Kinderplex crisis reveals Google founder's fumbling and fibbing
Joe Nocera of the New York Times has taken note of Google's childcare crisis. A brief recap: After taking its childcare programs in-house, at the behest of Google executive Susan Wojcicki, the sister-in-law of founder Sergey Brin, Google hiked its rates 70 percent. Parents were infuriated not just at the price hike but, accustomed to Google's culture of analysis-driven consensus, at the imperious way the decision was handed down. Nocera's reporting reveals more numbers showing just how incompetent Google is at daycare — and how comfortable Brin's PR handlers are at lying on his behalf. How, in other words, Google has become just like any other company in corporate America.
Nocera reveals that, at Wojcicki's behest, Google decided to upgrade its childcare to a hyperluxurious standard, including adopting the Reggio Emilia approach to pedagogy. The result: At tuition rates of roughly $14,000 to $19,000 a year, the subsidy paid by Google ballooned to $37,000 a year. From that followed a tuition hike to as much as $29,000 a year, at which price Google still loses money.
At no point, it seems, did Wojcicki or any of the others she involved in planning Google daycare do a market-rate analysis. They simply built the childcare facilities as they saw fit, and then priced it based on cost, not the going rates — even for the kind of quality care they professed to seek.

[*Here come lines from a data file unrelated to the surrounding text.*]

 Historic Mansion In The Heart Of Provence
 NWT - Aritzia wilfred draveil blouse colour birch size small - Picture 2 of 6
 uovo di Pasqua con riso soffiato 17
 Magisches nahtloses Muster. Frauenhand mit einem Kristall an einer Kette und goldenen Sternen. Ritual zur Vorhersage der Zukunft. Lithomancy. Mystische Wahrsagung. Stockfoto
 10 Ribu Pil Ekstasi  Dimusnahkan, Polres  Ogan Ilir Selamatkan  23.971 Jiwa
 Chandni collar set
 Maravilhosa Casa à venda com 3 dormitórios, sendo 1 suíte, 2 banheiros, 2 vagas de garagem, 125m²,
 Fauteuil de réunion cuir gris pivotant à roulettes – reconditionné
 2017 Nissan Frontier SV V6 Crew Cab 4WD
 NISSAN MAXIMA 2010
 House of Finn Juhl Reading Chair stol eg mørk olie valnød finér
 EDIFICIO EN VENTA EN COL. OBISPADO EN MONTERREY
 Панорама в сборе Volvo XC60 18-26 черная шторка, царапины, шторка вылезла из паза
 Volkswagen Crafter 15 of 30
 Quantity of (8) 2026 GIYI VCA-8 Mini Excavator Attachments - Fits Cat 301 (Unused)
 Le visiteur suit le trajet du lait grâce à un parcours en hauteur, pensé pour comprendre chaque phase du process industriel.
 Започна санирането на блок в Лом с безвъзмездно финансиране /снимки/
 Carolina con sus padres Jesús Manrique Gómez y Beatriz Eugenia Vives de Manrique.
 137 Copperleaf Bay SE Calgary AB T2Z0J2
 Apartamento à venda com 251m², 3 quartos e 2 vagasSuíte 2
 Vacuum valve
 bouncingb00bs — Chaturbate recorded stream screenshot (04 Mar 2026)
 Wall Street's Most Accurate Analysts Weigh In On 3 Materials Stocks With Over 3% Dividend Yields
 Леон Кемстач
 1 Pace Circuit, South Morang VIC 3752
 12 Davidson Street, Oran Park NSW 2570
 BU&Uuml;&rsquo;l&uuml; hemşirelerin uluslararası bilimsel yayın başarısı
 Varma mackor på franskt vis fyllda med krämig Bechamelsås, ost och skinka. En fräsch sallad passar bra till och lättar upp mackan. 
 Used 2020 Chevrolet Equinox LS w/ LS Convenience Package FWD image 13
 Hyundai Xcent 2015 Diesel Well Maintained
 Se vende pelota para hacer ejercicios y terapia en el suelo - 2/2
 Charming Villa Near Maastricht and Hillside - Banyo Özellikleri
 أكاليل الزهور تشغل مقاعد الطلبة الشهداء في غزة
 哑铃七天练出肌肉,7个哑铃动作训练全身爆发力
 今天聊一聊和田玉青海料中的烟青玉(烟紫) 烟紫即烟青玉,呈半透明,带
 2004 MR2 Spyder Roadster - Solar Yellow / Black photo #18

The Scandinavian School in San Francisco, for example, offers full-time Reggio Emilia daycare for $16,000 a year for infants, and less for toddlers and preschoolers. If the Scandinavian School charged Google's outsized rates, it would run a nearly 50 percent profit margin. Google, by contrast, is losing money by the fistful on its childcare.
So Google has on its hands a disaster: A disaster for parents, a disaster for children, and a disaster for Google shareholders. How does Google respond?
Not by fixing the problem, but instead by lying to a New York Times columnist. Nocera, a famed reporter, quotes Brin twice. Google PR repeatedly denied that Brin made these comments — an unbelievably brazen act, considering the remarks were made before large groups of Google employees. A sampler:
At a T.G.I.F. in June, the Google co-founder Sergey Brin said he had no sympathy for the parents, and that he was tired of “Googlers” who felt entitled to perks like “bottled water and M&Ms,” according to several people in the meeting. (A Google spokesman denies that Mr. Brin made that comment.)
But parents who talked to me said that several times during the six-week-long day care brouhaha, Mr. Brin made comments indicating that he viewed the whole thing as a giant economics experiment. “This is a supply-and-demand issue,” he told one group of parents — adding that Google needed to charge what the market would bear. (Through a Google spokesman, Mr. Brin denies making such a statement.) Given that Google has lots of pre-I.P.O. millionaires, it can clearly charge a lot.
Of course, Google PR would deny that Brin made these statements. They are damning; they suggest the founder is out of touch with rank-and-file employees, and callous in his treatment of them. He surely is, but it is unseemly to admit as much.
Wojcicki, with Brin's permission — what an indulgent brother-in-law! — is conducting an experiment on her fellow Googlers, and their children. But Googlers did not sign up for this experiment. Any parent knows how difficult it is to find good, affordable childcare, and how wrenching for children it can be to change providers. The real test going on here isn't some kind of supply-and-demand economics experiment. It's how arrogant Brin and his clique can get before his employees revolt.